Wow. Wow. It's true. The Forever After reviews on Yelp were right. The customer service is pretty apalling. After reading the terrible reviews on Yelp, I couldn't help but make Forever After Books my next bookstore-quest destination so that I can find out for myself how accurate the online comments were.
My brave friend, Sarah, and I ventured over today to Forever After Books on Haight. She had been there once before and said that the service wasn't great, but wasn't outrageously terrible either. After we both read a couple of the Yelp reviews, we were curious to see just how rude the owners were. With that said, we went in there expecting to be treated rudely. This may have affected how we perceived the place.
From the sidewalk, the first thing you see through the open front door is a sea of narrowly spaced bookshelves. As soon as we walked in, a man popped out his head to my left and demanded that I checked my bag in. I had read online how much of a stickler he was for bag check-ins so I simply complied.
The first thing I saw when I walked into the store was a prominently displayed sign with a ridiculously long list of things that are prohibited in the store, including: food, drinks, dogs, guitars, sleeping mats, etc.
Next to that sign, was another sign forbidding customers from reaching over their heads for books that are shelved too high. As a safety precaution, this wouldn't be an unusual sign to have in a bookstore. The weird thing about it was, that it followed that line saying that the books on the higher shelves are "overstocks and are less interesting." Yes. They actually said that. And underlined "less." Do they know nothing about sales? How are you supposed to sell anything if you trash talk your own products?
Scattered throughout the store, there were dozens of signs warning customers not to do this or not to do that.
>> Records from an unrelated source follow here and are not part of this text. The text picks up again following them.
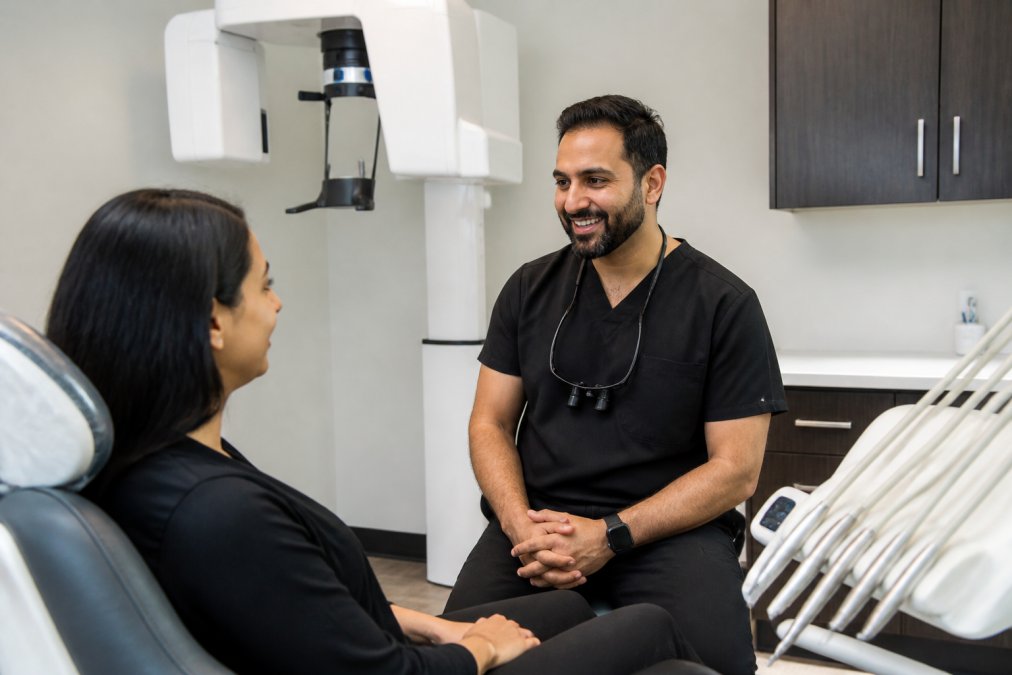 Board-certified dental specialist in clinical attire consulting with a patient in a modern treatment room equipped with advanced cone beam scanner and state-of-the-art dental instruments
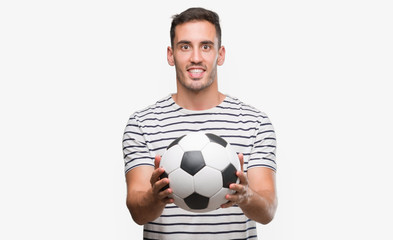 Handsome young man holding soccer football with a happy face standing and smiling with a confident smile showing teeth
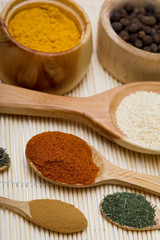 many different spices in spoons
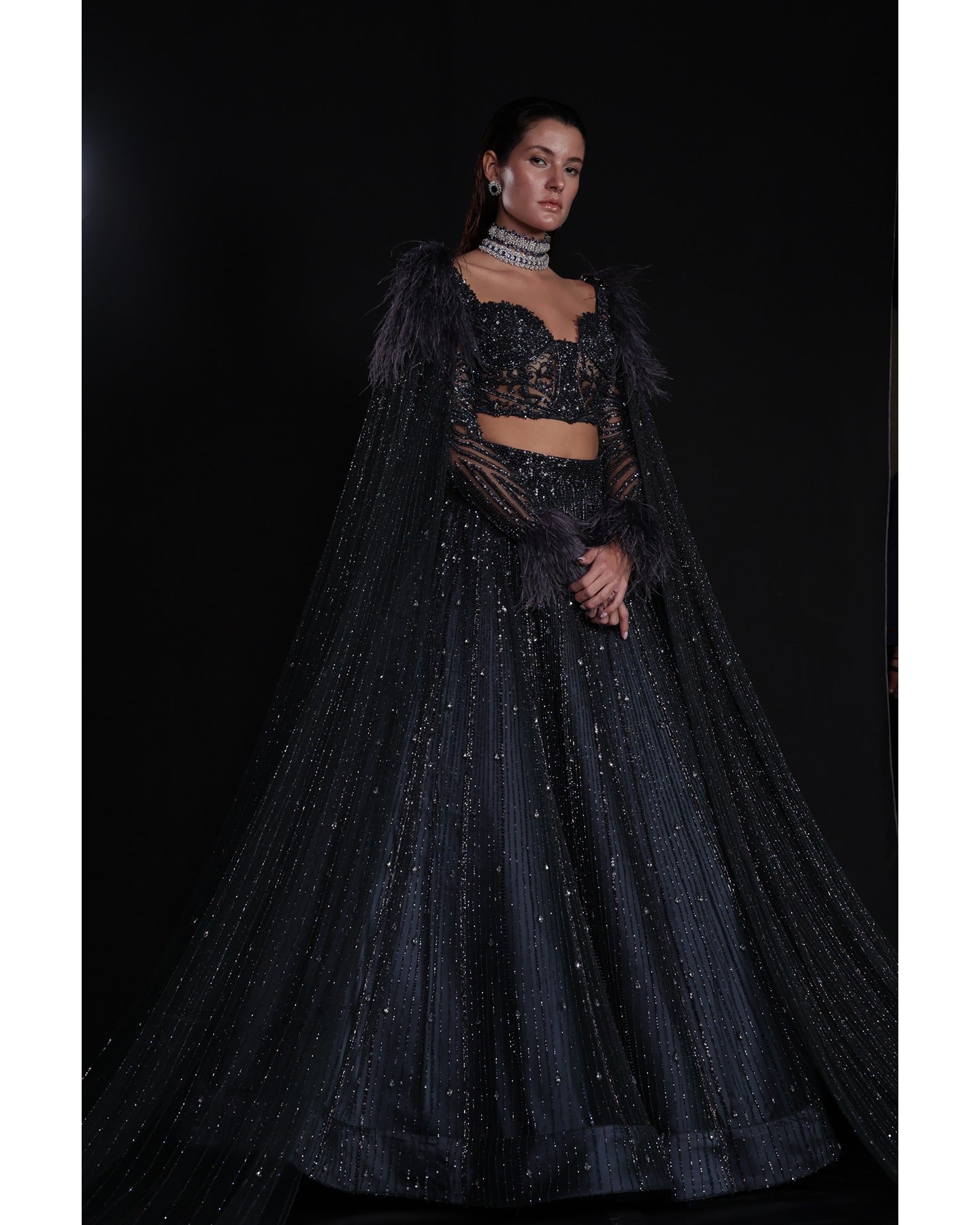 Draped in elegance, the Charcoal Blue Lehenga whispers tales of sophistication and grace.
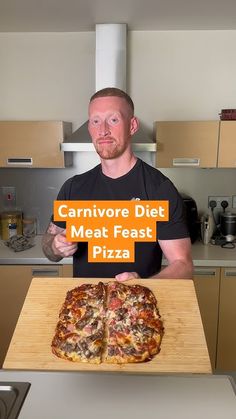 a man holding up a sign that says cannivore diet meat fast pizza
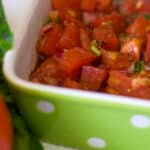 Bruschetta made with tomatoes, basil, onion, garlic and cheese in a balsamic vinaigrette makes a delicious appetizer or afternoon snack.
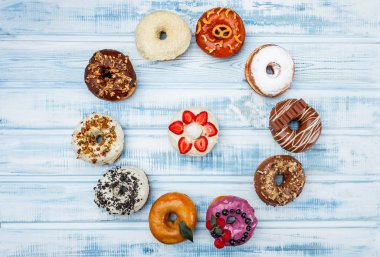 Eski ahşap zemin üzerine çeşitli Donuts bir daire. Üstten görünüm.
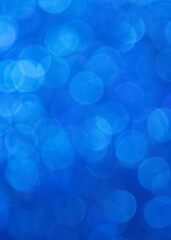 Christmas bokeh background with blue circles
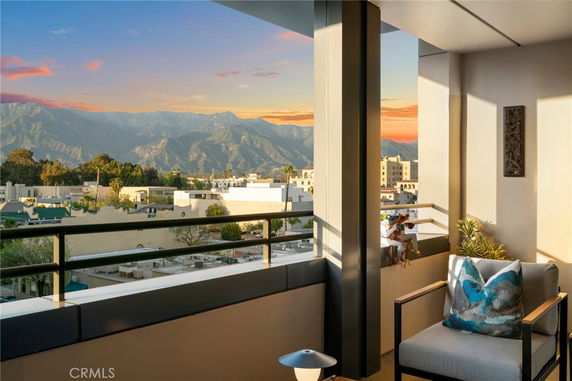 Panoramic view from a building balcony showing mountains and cityscape at sunset.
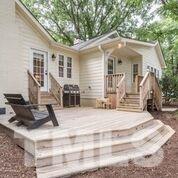 2818 Fowler Avenue Raleigh, NC 27607 - Photo 22 of 25 a view of a house with backyard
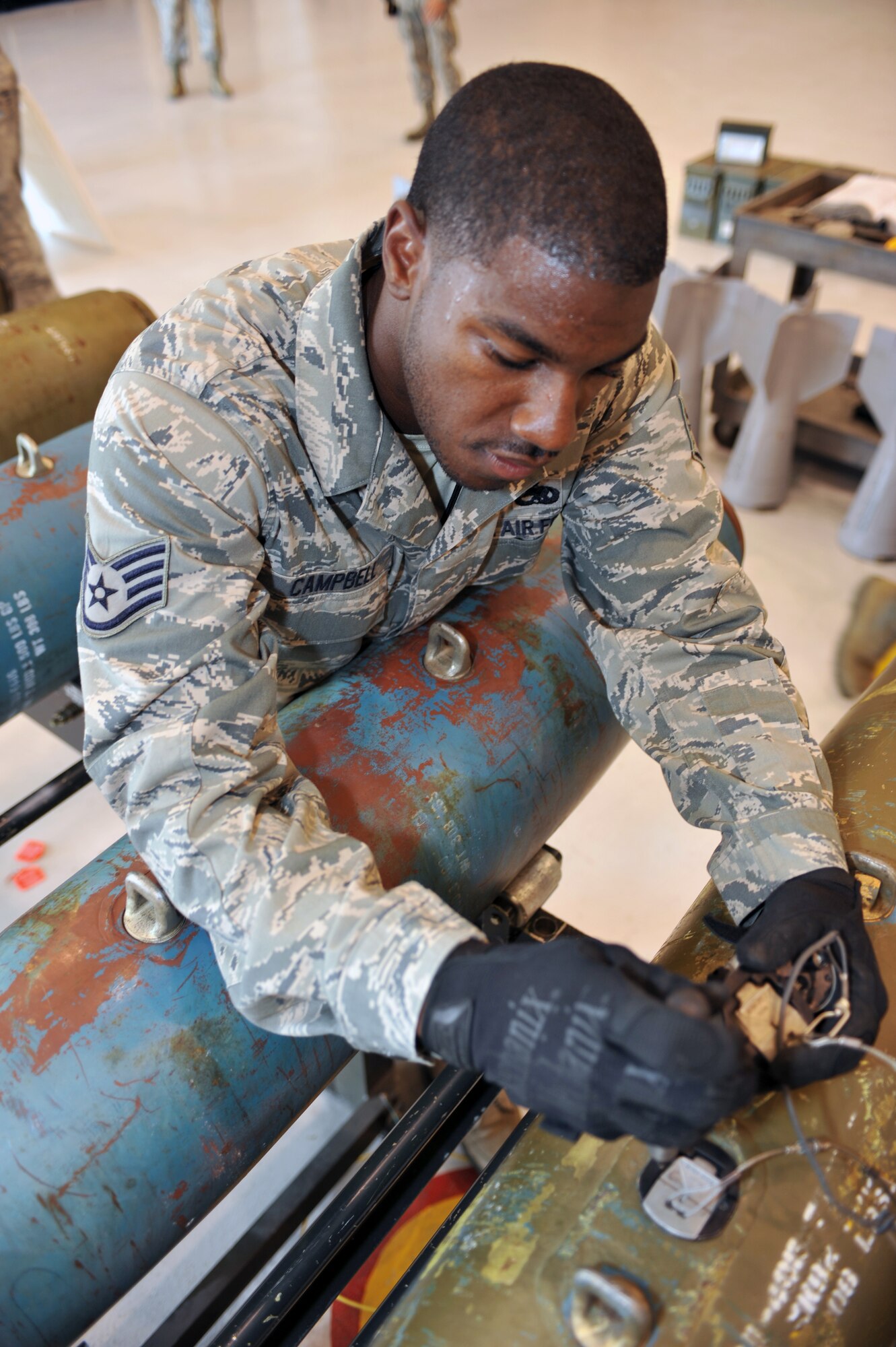 WHITEMAN AFB, Mo. - Staff Sgt. Tyler Campbell, 509th Munitions Squadron, installs an arming device into a 500-pound MK-82 bomb during a practice session for the Air Force Global Strike Command Challenge, Jul. 12. Sergeant Campbell was assigned to install the arming devices on each of the 12 bombs during the practice session.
However, I didn't see a single one of the usual signs bookstores have, such as Staff Picks or even section signs. You basically have to figure out the genre of each shelf on your own. Don't ask the owners questions. They don't like to be bothered by customers. If you look closely, the genres of each section are written on the wooden shelves themselves in faded black Sharpie.
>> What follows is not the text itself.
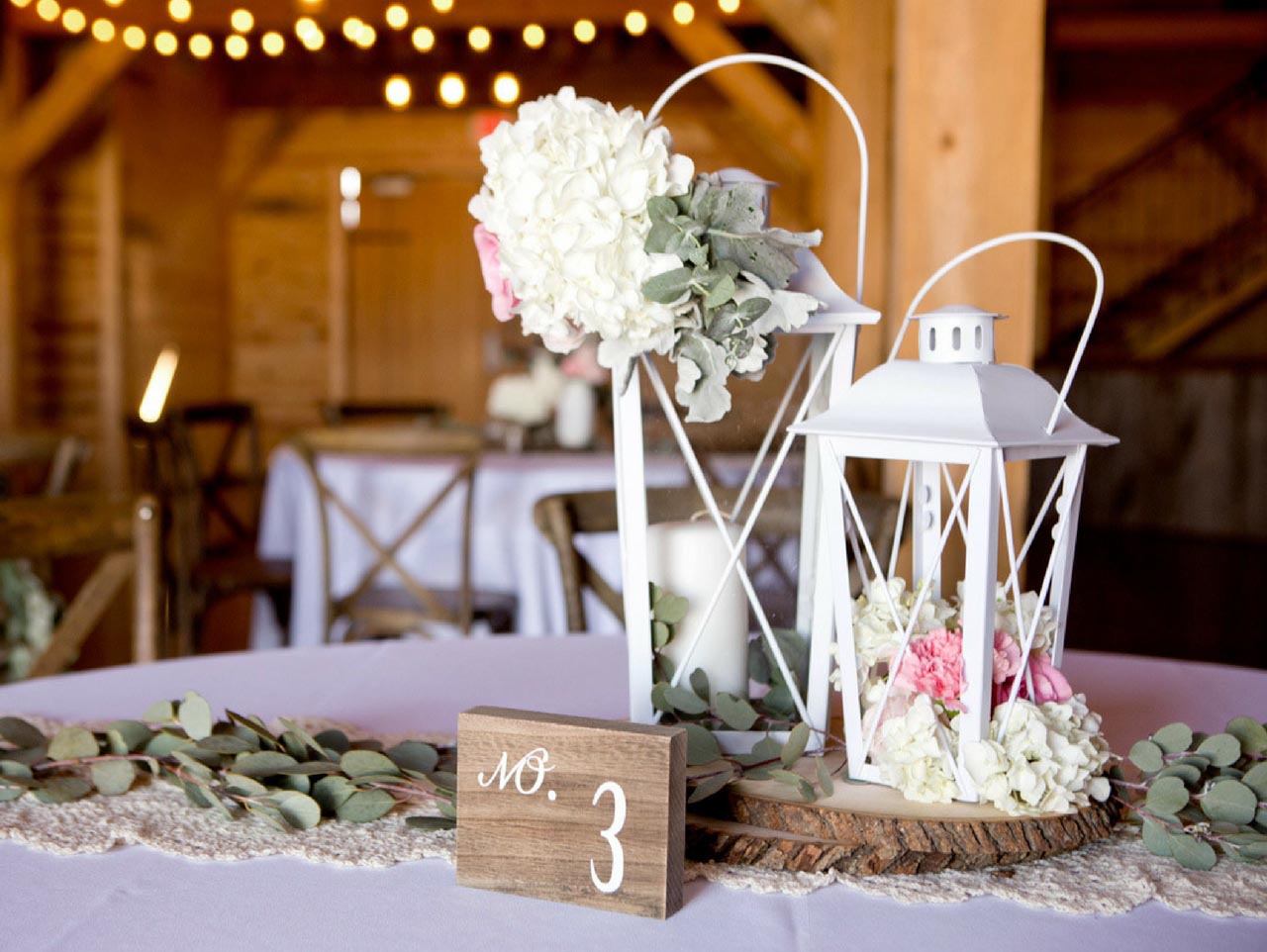 DIY Rustic Centerpiece with Rose Buds and Wood Round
The other notable thing about the store is how tightly crammed the aisles of bookshelves are. On the bookshelves themselves, the books are jammed in so much that it's incovenient for the customers to find anything. Some of the books were actually jammed in sideways so that the spine faces the back of the shelf, making it impossible for the customer to even know what the book is without pulling it off of the shelf. And beware about taking too many books off of a shelf. I've heard that the owners yell at customers who take out too many books at a time. Strange. This is a bookstore. How are customers supposed to buy books without knowing what books you have?
They even took a Sharpie and blacked out the retail price that are printed on the back covers of books. Why? So you can't compare the retail prices with the prices they're charging? I don't know. All I know is that I like to have items priced when I go shopping. It's a hassle to bring every single item to the front of the store and have the employees dish out an arbitrary price at you.
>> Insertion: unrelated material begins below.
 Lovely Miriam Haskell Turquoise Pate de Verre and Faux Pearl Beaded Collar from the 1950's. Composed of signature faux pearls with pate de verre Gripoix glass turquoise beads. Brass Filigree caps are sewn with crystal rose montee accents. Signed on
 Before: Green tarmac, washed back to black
Sarah and I actually approached the male owner to get a price check. Barely looking up from what he was doing, he said, "$3.69, plus tax. That's the minimum price here." With that, he grabbed the book out of her hand and said, "I'll put it back. I'm going to have to put it back anyway." He didn't even ask her if she wanted it. She could have wanted it. She could have considered buying it. But no. He snatched it away without even asking her. Sarah and I just looked at each other in shock. That's $3.69 he's not going to earn today.
Looking at the towering bookshelves, crammed with countless volumes I seriously felt unsafe. The bookshelves are safety hazards. This is San Francisco, aka earthquake central. All I want to say is that I do not want to be in that store when a big one hits. I would probably be buried under a ten-foot deep pile of books for days, wondering why a biography of Thomas Hardy would be in the same section as The Mayor of Casterbridge. I mean, I see the connection. But why mix fiction with biography? I digress.
As I was browsing through the aisle, a couple walked in. The male customer had a cell phone in his hand and the woman owner immediately snapped, "What's that in your hand? A cell phone? I can't even tell the difference between the electronic devices they have nowadays and I don't really care. Put it away! That's not allowed!" With that, the couple wandered over to the back aisle I was standing in and laughed with each other in disbelief saying, "Is she for real?!" Sadly, yes.
How do they sell anything? How are they still in business? Most of the people on Yelp adamantly declare that they will never go back to Forever After. And yet, after all these years, they're still there.
Just follow keep a low profile and follow these tips, and you should be fine:
- Don't bring in food, drinks, dogs, electronic devices, musical instruments, modes of transportation, or anything that would offend/threaten/irritate the owners
- Don't ask questions
- Don't make eye contact
- Don't try to make conversation with the owners
- Don't pull out too many books at once
- Do be quiet
- Do check in your bag
- Do expect substandard customer service
Actually, while the owners were rude to a lot of their other customers, they weren't particularly rude to Sarah and I. They were short and civil with their responses. Certainly not friendly. Certainly not very helpful. But at least we didn't get yelled at.
The verdict: just go. Go for the fun of it. Go for the experience. Go because you will probably get treated so rudely that it's actually funny.